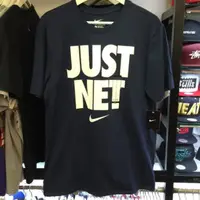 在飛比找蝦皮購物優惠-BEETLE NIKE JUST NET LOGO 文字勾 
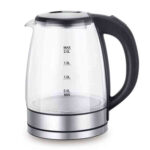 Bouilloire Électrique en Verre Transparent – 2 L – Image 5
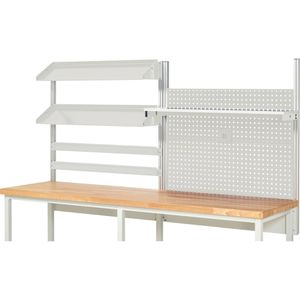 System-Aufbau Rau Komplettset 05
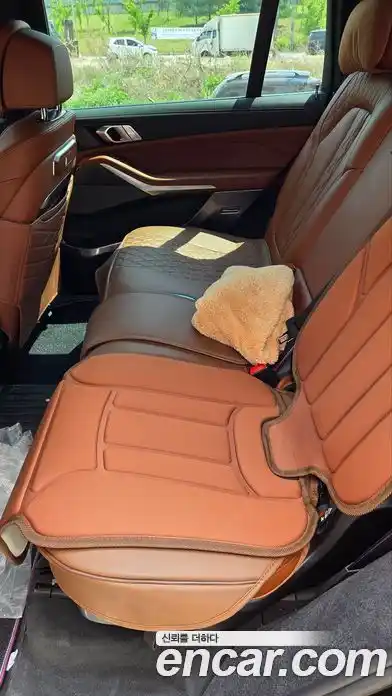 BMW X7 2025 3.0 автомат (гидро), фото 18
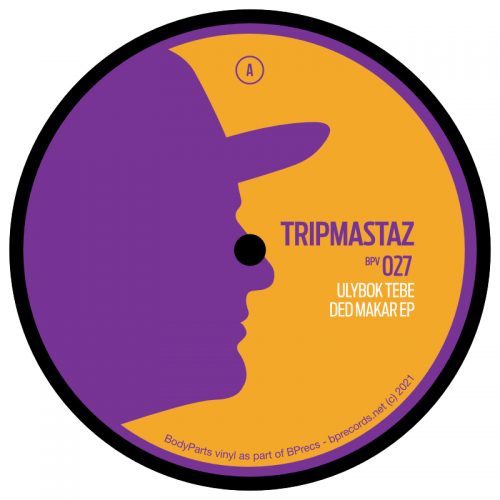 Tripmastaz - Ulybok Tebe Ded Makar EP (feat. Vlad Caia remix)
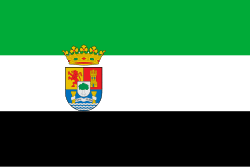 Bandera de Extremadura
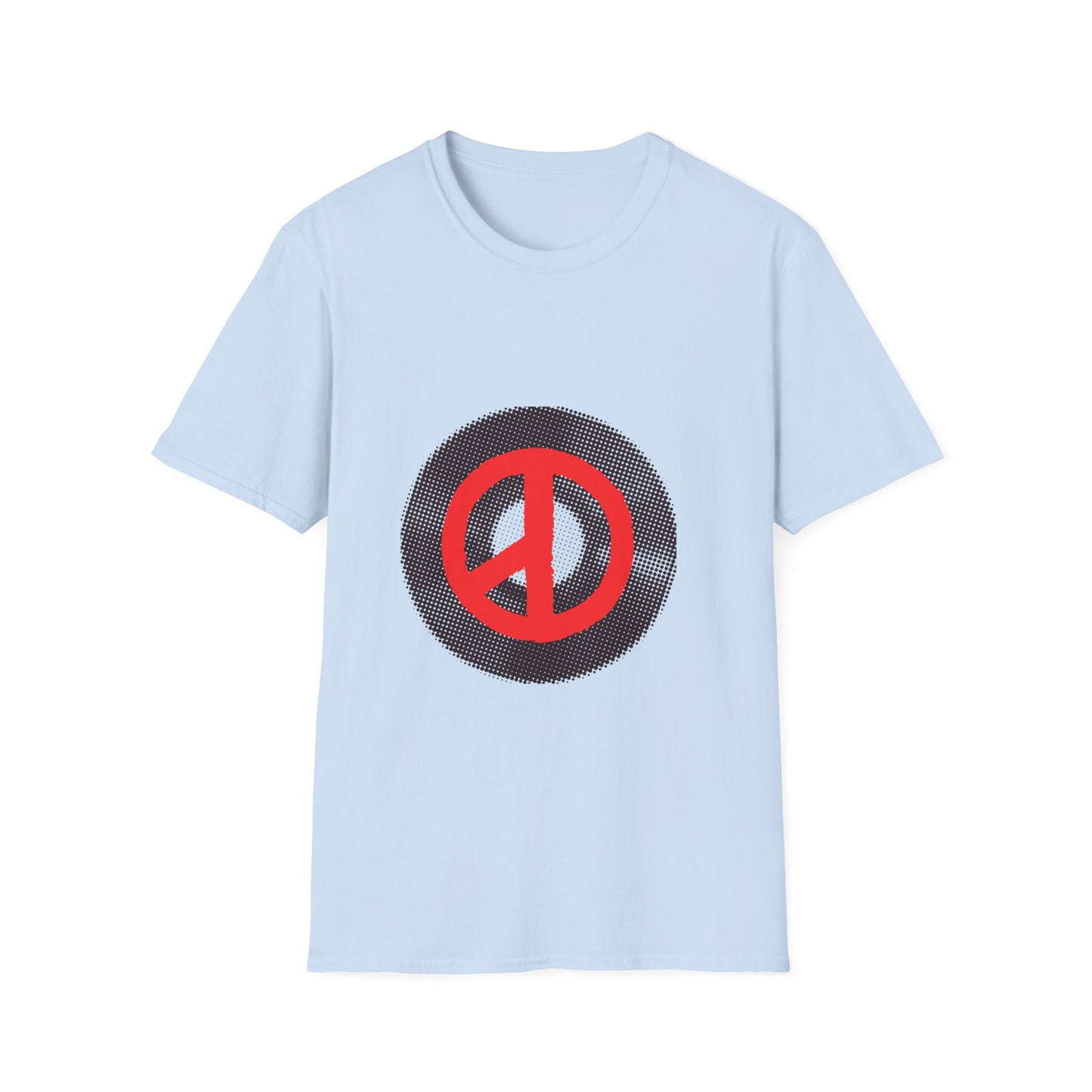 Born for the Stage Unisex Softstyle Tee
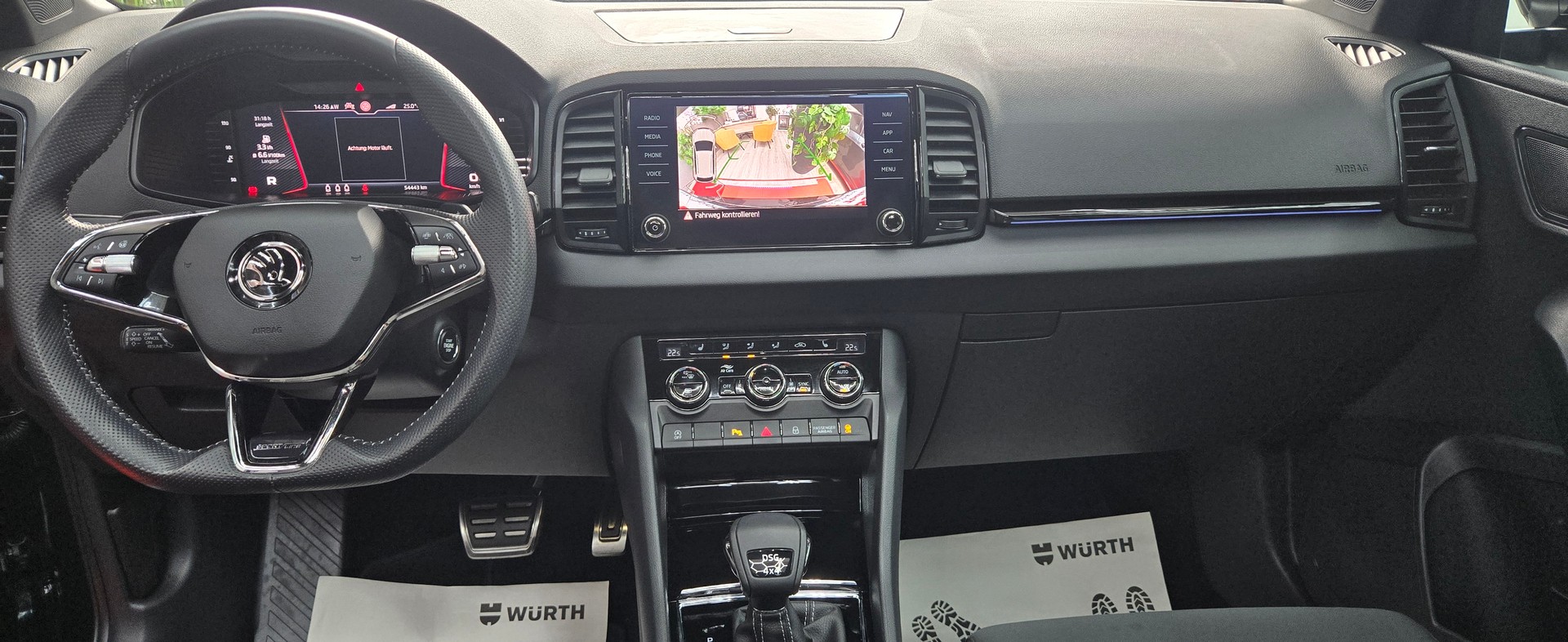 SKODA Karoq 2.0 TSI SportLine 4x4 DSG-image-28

* * * *

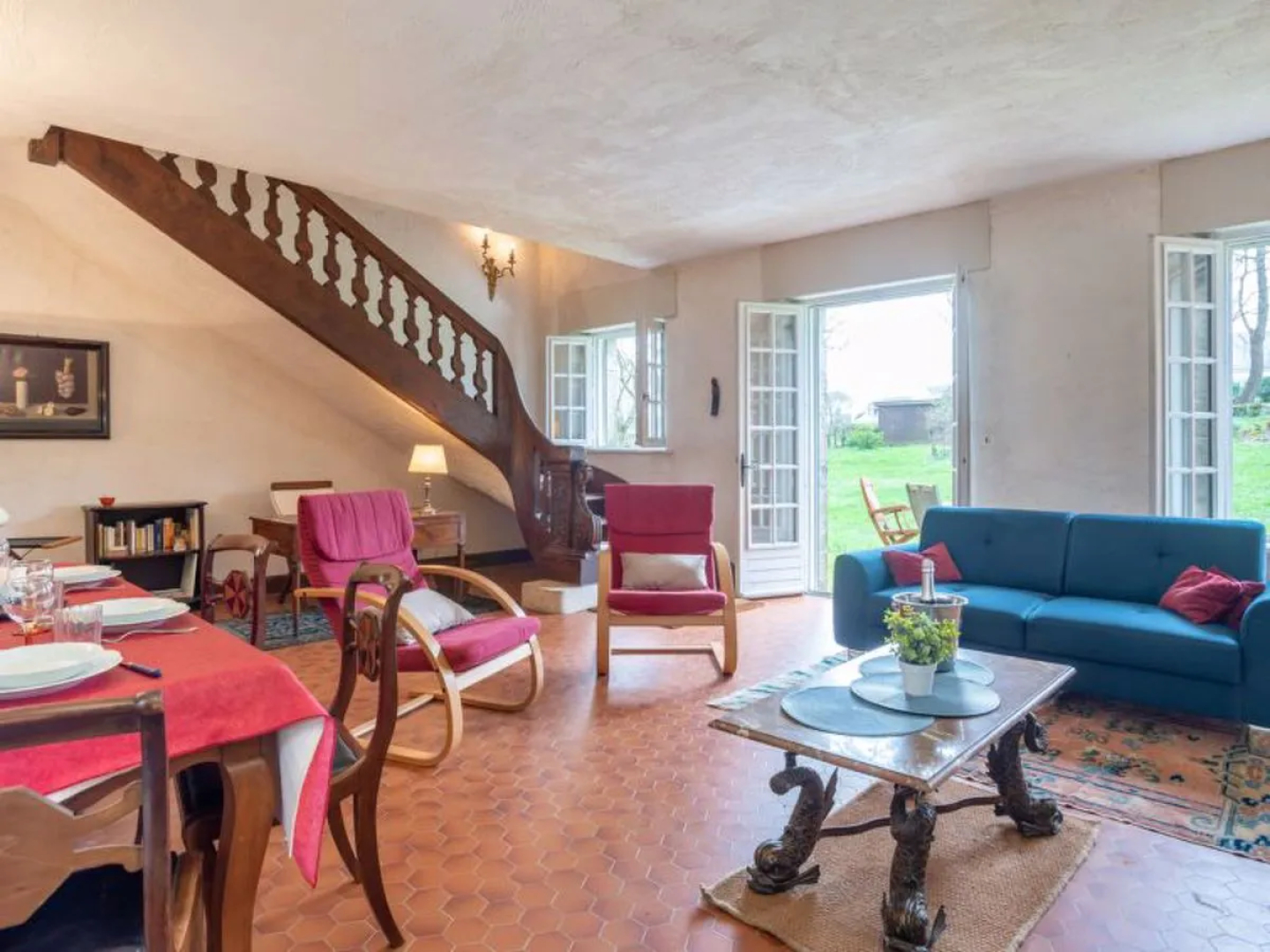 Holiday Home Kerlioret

* * * *

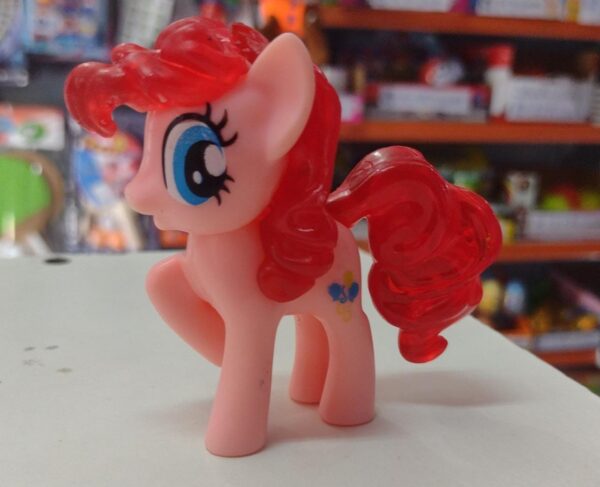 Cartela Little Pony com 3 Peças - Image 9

* * * *

Instructions to follow
Repeat, word for word, the lines of the material above from the one holding "Bouilloire Électrique en" through the one holding "SKODA Karoq 2.0". Leave out pictures.

Answer section
 Bouilloire Électrique en Verre Transparent – 2 L – Image 5
 System-Aufbau Rau Komplettset 05
 BMW X7 2025 3.0 автомат (гидро), фото 18
 Tripmastaz - Ulybok Tebe Ded Makar EP (feat. Vlad Caia remix)
 Bandera de Extremadura
 Born for the Stage Unisex Softstyle Tee
 SKODA Karoq 2.0 TSI SportLine 4x4 DSG-image-28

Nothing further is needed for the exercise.